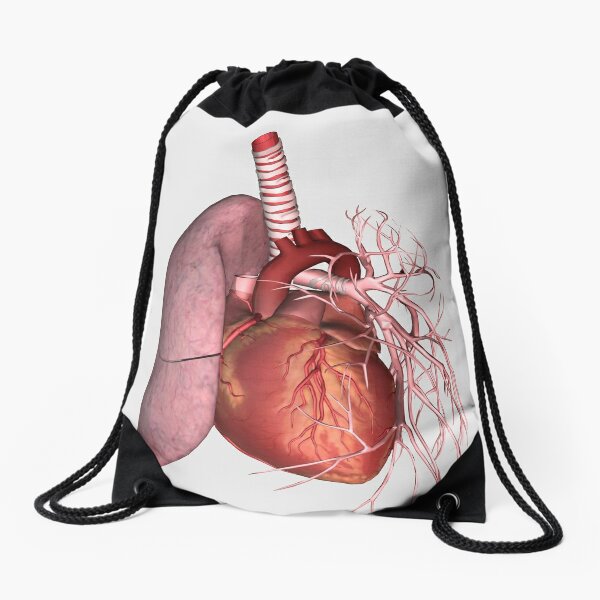 Medical illustration detailing thoracic outlet syndrome. Drawstring Bag  for Sale by StocktrekImages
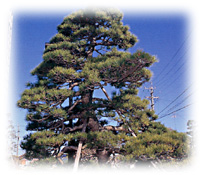 町の木「松」の画像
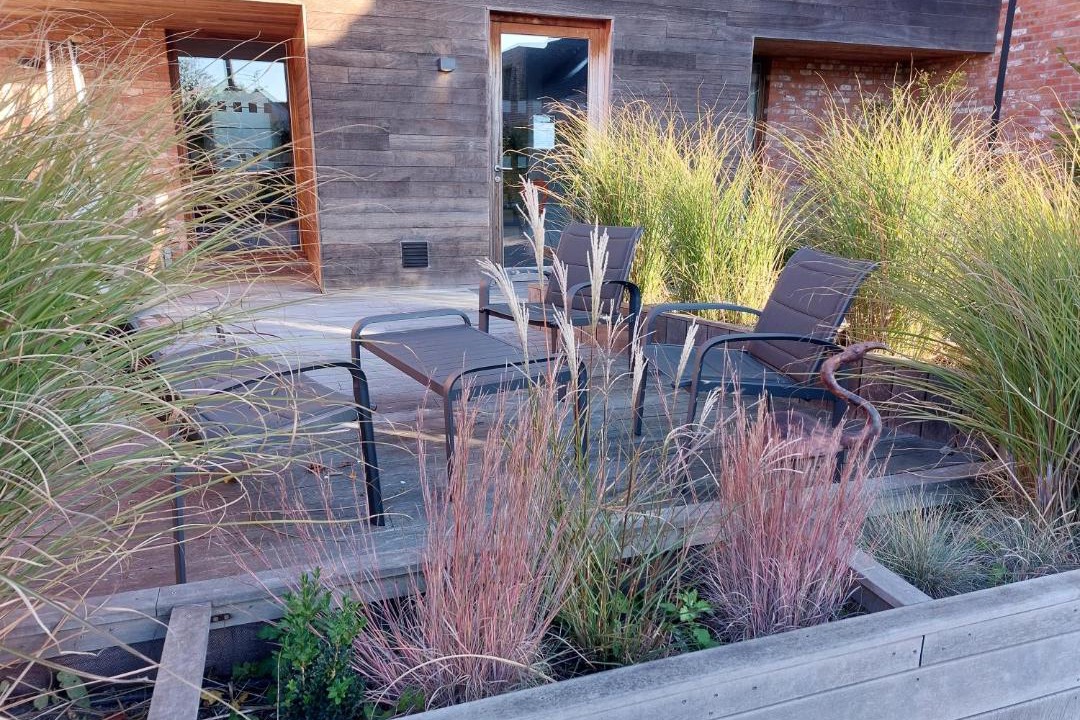 Photo of Others in Sameon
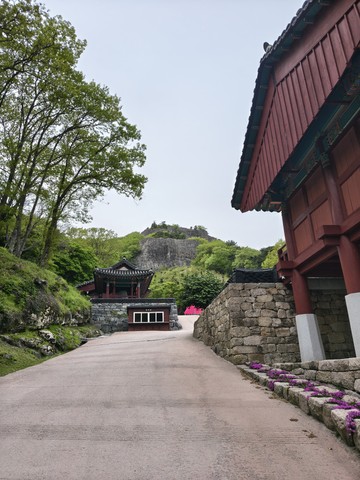 IMG_20260423_172125664_HDR.jpg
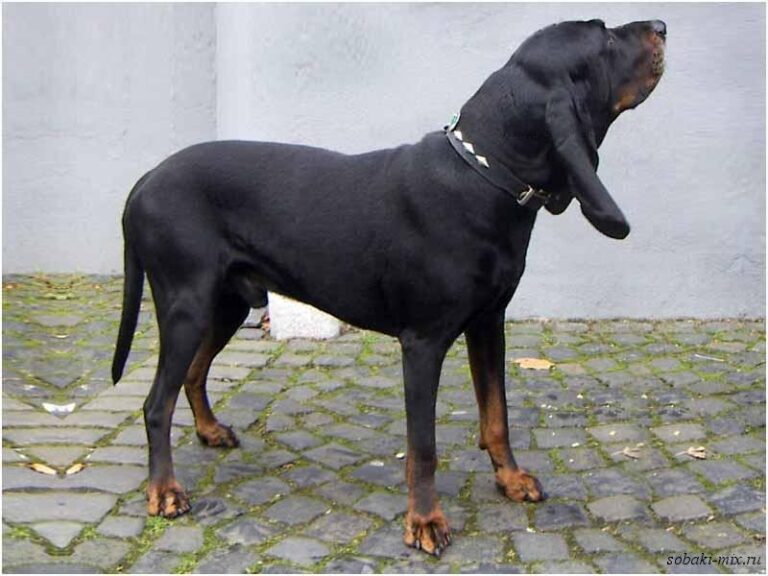 Coonhound noir et feu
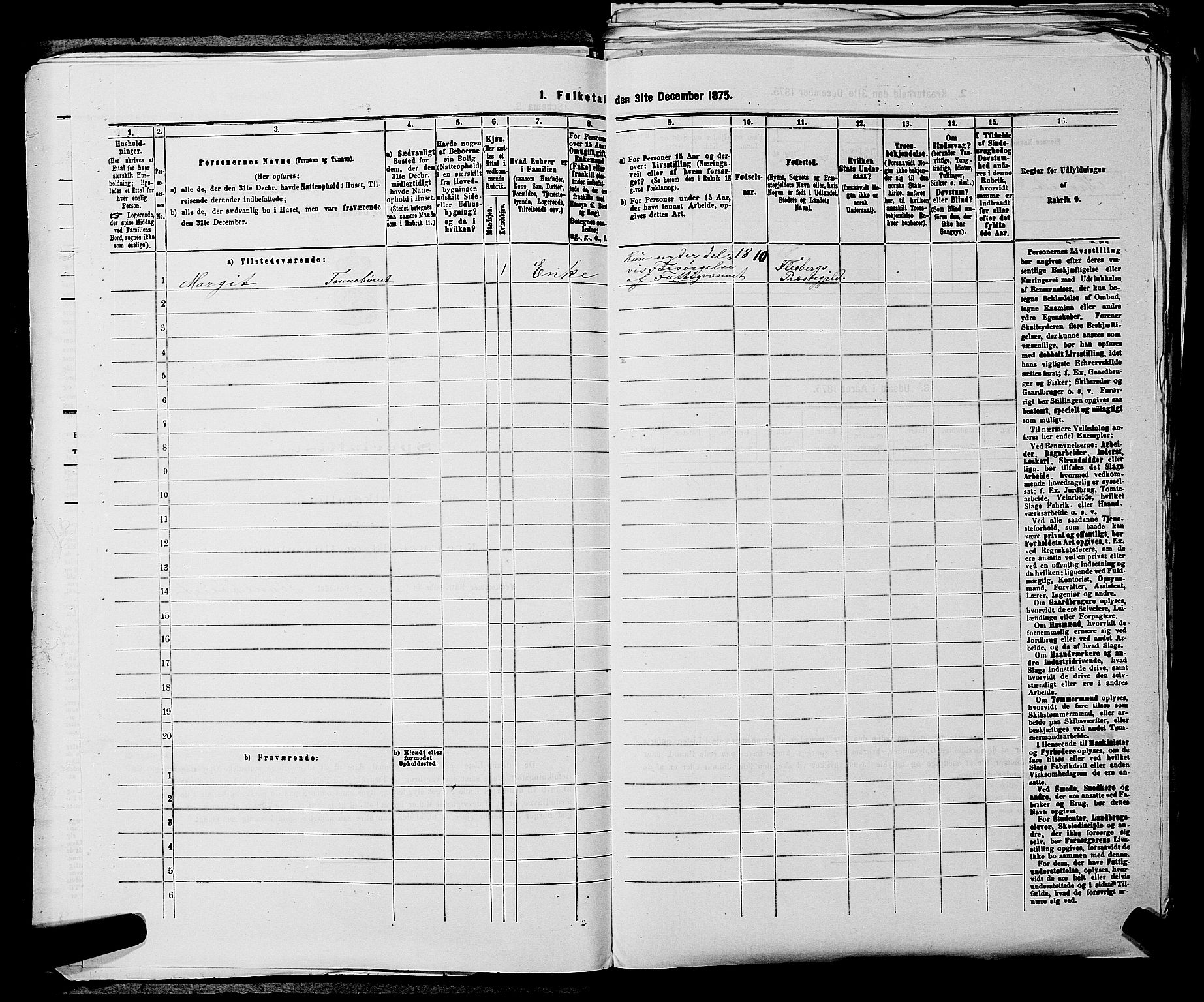 SAKO, 1875 census for 0633P Nore, 1875, p. 507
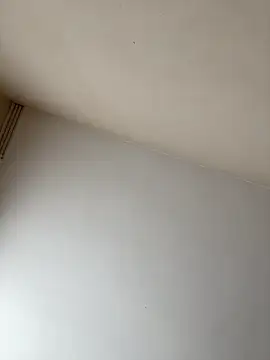 rpotktkkt online show from 11/20/25, 09:42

What you are asked to do: When copying the material, leave every image behind and keep each line verbatim.

Exercise answer:
 Medical illustration detailing thoracic outlet syndrome. Drawstring Bag  for Sale by StocktrekImages
 町の木「松」の画像
 Photo of Others in Sameon
 IMG_20260423_172125664_HDR.jpg
 Coonhound noir et feu
 SAKO, 1875 census for 0633P Nore, 1875, p. 507
 rpotktkkt online show from 11/20/25, 09:42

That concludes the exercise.